None of our patients had received immunoglobulin replacement therapy or hematopoietic stem cell transplantation (HSCT), reflecting the limited access to these specific treatments in our setting. This situation contrasts with data reported in other countries: in Jordan, 63% of patients received IVIG replacement therapy and 30.8% underwent transplantation [29], while in China, 39.83% of patients received transplantation [29]. According to the European registry of the Jeffrey Modell Foundation (JMF), 141,142 patients with primary immunodeficiency were identified, of whom only 2703 had received a hematopoietic stem cell transplant (HSCT), a relatively low rate. Across the African continent, the same JMF study reported 70 transplants out of 2936 patients, illustrating the rarity of this therapeutic option, except in North African countries [27]. During the follow-up period, 64% of patients experienced recurrent infections. Other complications observed were primarily bronchiectasis (BD) and sepsis, reflecting the natural progression of severe combined immunodeficiency (SCID) or untreated humoral immunodeficiency [29]. The observed mortality rate was 18.2%, with SCID accounting for 50% of cases. Infections were the leading cause of death. In Jordan, the overall mortality rate was 33.2%, with the highest rate observed in severe combined immunodeficiency (SCID: 56.2%) [6]. This underscores the severity of SCID and the need for early diagnosis, appropriate management, and close monitoring to improve prognosis.

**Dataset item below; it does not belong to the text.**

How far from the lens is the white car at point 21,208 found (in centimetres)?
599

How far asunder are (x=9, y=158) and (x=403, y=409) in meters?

In recent years, the identification of molecular abnormalities has significantly improved, thanks to training and advances in genetic sequencing. However, in our study, only 5/33 children (15.2%) had genetic confirmation of their diagnosis by molecular biology. This low rate of genetic confirmation reflects the limited access to molecular biology in our setting. It contrasts sharply with data reported in other countries. Al-Herz et al. in Kuwait reported a rate of genetic testing performed in 69% of patients, with a confirmation rate reaching 90% [29]. A study conducted in southern India reported the systematic performance of genetic testing in all suspected cases of IBD, representing nearly 205 children [29]. Thus, the number of genes involved has increased from around one hundred in the 2000s to more than 450 to date [29]. In total, 140 infectious episodes were recorded in 24 children over a ten-year period, representing an average of approximately 5.8 episodes per patient. Among them, 12 children (36.4%) required at least one hospitalization. This illustrates the high infectious burden observed in children with IBD.
5. Conclusions
In our study, inborn errors of immunity were characterized by a marked susceptibility to infections. The infectious sites were primarily pulmonary or cutaneous. Their origins were often fungal or bacterial.
The course of the illness was marked by relapses and severe complications such as bronchiectasis.